Был вечер – улочка темная, слабо освещенная. Только из щелей в не прикрытых до конца ставнях вырывались узкие лучики света. Подворотня смердела мочой и помоями. Вийон равнодушно обошел пьяного бродягу, что держался за выступ стены. Когда поднимался по скрипучей лестнице, услышал попискивание убегающих крыс. Он их не боялся. Это были дети ночи, как и он.
Остановился перед первой дверью на втором этаже и постучал. Через минуту в помещении раздались тихие шаги. Потом клацнул засов – и дверь отворилась, выпуская в коридор полосу желтого цвета. Вийон улыбнулся стоящей на пороге старухе.

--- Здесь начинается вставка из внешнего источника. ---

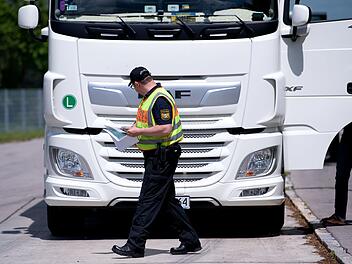 A73 und A3 bei Erlangen: Trucker mit deutlich &uuml;ber 2 Promille gestoppt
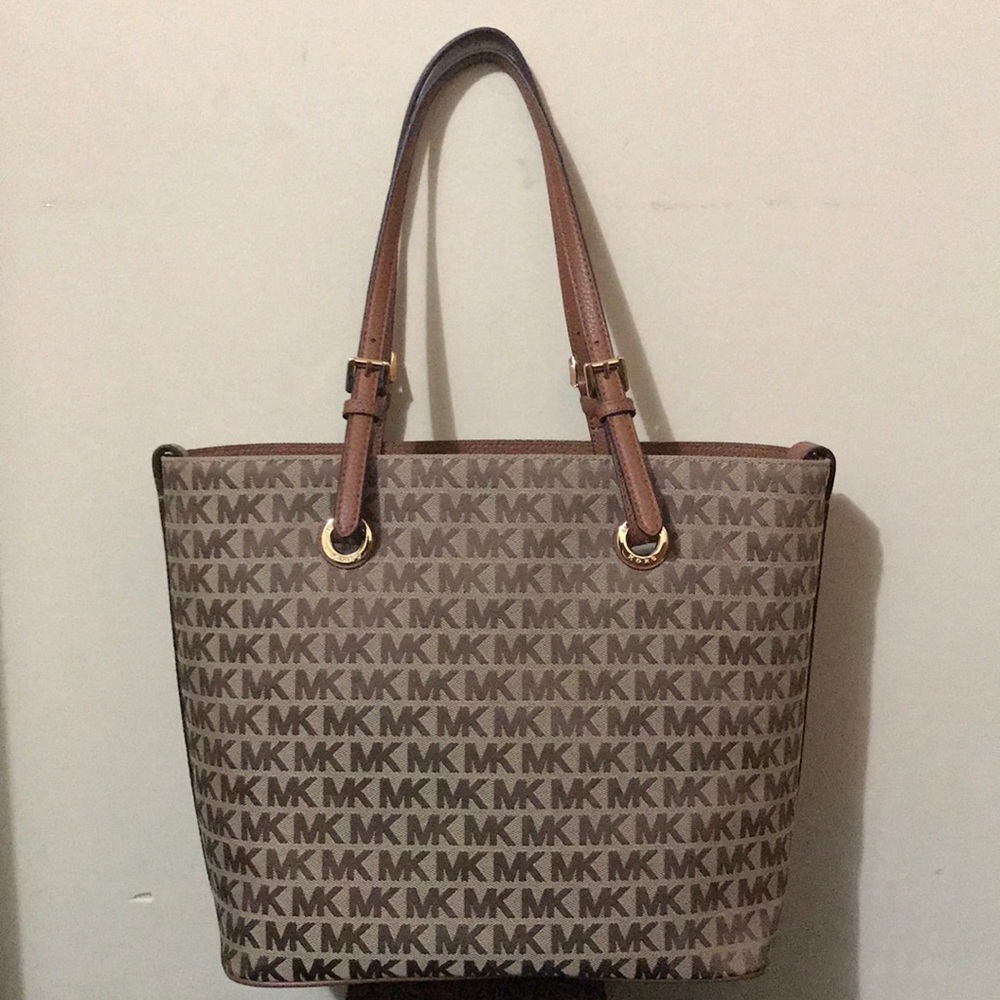 Michael Kors brand new beige grab bag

– И что вы так надрываетесь и шумите? – спросила та. – Тише не можете?
– Пасть заткни, Куше! Это я, Вийон.
– А-а-а… Вийон. Наверняка к Мальви. Войди и подожди. Минутку.
Он послушно вошел в темную кухню. Было тут мрачно и жарко. Огонь в каменной печи напоминал огни бездны, которая, согласно новокрещенцам, ждет всякого человека после смерти, чтобы выжечь из него все чувства, соединявшие его с миром, прежде чем благословенные отцы примут его в свою свиту. Церковь называла это место адом. Стоящая на плите посуда напоминала сверкающие колонны, наполненные белыми, мутными взвесями и золотисто-желтыми порошками. Когда Куше вернулась, Вийон держал в руках небольшую баночку с липкой мазью. Понюхал.
– Лучше бы Вийону этого не трогать.
– Да? А почему?
– Потому что от этого его член может сразу отвалиться.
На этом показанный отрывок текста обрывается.